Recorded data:
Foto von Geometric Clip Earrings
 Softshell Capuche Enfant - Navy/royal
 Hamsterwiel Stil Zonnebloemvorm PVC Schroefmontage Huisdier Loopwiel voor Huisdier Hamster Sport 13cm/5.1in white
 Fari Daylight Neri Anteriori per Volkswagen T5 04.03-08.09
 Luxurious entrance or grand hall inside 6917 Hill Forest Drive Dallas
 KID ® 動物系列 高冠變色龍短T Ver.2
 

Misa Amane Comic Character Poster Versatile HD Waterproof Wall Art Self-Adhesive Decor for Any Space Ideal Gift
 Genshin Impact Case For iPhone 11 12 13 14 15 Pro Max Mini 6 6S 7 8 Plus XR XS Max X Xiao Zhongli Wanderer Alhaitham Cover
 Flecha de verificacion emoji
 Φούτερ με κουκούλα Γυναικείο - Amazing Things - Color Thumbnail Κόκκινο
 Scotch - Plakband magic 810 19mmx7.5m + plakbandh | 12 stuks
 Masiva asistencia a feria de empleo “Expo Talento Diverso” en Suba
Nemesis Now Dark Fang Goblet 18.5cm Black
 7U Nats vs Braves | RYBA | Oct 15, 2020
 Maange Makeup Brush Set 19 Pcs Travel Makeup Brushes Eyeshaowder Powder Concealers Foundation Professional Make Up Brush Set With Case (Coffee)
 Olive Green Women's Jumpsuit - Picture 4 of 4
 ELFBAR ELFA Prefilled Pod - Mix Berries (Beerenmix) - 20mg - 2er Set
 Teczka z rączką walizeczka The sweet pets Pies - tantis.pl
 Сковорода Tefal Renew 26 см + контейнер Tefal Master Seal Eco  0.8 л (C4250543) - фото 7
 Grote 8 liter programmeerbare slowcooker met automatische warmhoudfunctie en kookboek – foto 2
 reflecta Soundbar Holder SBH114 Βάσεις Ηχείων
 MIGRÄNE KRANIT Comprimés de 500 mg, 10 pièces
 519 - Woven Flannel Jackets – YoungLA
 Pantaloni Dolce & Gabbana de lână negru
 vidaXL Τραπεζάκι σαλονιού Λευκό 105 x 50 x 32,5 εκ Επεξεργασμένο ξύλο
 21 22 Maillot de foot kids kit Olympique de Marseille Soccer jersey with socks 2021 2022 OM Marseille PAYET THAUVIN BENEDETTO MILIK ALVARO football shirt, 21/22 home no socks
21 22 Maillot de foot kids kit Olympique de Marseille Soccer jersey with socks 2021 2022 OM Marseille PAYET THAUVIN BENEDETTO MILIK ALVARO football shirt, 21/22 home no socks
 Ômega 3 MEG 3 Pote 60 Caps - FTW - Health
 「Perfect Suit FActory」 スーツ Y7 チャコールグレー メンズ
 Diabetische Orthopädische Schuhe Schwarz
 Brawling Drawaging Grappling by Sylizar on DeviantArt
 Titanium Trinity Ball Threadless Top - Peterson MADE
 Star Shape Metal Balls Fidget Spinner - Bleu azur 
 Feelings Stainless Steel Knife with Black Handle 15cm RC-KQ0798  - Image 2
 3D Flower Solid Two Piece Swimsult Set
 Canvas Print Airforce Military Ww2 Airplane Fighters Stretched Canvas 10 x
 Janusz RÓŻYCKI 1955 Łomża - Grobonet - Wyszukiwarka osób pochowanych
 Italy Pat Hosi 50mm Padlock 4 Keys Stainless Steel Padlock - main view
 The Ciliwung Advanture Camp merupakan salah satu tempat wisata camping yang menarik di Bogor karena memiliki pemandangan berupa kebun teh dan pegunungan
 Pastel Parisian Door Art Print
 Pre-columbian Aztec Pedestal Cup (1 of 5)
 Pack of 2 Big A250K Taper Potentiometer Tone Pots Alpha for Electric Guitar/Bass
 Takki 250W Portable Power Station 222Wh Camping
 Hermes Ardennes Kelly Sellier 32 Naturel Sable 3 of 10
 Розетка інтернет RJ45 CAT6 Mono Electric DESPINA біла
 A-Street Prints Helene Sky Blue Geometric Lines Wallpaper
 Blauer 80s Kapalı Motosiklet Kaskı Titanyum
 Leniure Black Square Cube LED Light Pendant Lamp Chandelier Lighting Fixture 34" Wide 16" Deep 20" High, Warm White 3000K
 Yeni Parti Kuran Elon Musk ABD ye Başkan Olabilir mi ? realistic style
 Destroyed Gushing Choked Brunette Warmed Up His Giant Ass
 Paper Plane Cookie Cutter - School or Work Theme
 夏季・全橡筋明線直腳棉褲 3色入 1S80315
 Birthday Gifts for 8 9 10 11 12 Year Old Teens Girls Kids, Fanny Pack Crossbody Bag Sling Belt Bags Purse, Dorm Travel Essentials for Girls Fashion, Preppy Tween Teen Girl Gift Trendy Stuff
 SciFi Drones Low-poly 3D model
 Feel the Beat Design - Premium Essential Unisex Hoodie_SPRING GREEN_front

#### Aim of the task
The answer must be the line containing "Pack of 2 Big" and every line after it through the end of the records, repeated exactly.

#### Exercise response
 Pack of 2 Big A250K Taper Potentiometer Tone Pots Alpha for Electric Guitar/Bass
 Takki 250W Portable Power Station 222Wh Camping
 Hermes Ardennes Kelly Sellier 32 Naturel Sable 3 of 10
 Розетка інтернет RJ45 CAT6 Mono Electric DESPINA біла
 A-Street Prints Helene Sky Blue Geometric Lines Wallpaper
 Blauer 80s Kapalı Motosiklet Kaskı Titanyum
 Leniure Black Square Cube LED Light Pendant Lamp Chandelier Lighting Fixture 34" Wide 16" Deep 20" High, Warm White 3000K
 Yeni Parti Kuran Elon Musk ABD ye Başkan Olabilir mi ? realistic style
 Destroyed Gushing Choked Brunette Warmed Up His Giant Ass
 Paper Plane Cookie Cutter - School or Work Theme
 夏季・全橡筋明線直腳棉褲 3色入 1S80315
 Birthday Gifts for 8 9 10 11 12 Year Old Teens Girls Kids, Fanny Pack Crossbody Bag Sling Belt Bags Purse, Dorm Travel Essentials for Girls Fashion, Preppy Tween Teen Girl Gift Trendy Stuff
 SciFi Drones Low-poly 3D model
 Feel the Beat Design - Premium Essential Unisex Hoodie_SPRING GREEN_front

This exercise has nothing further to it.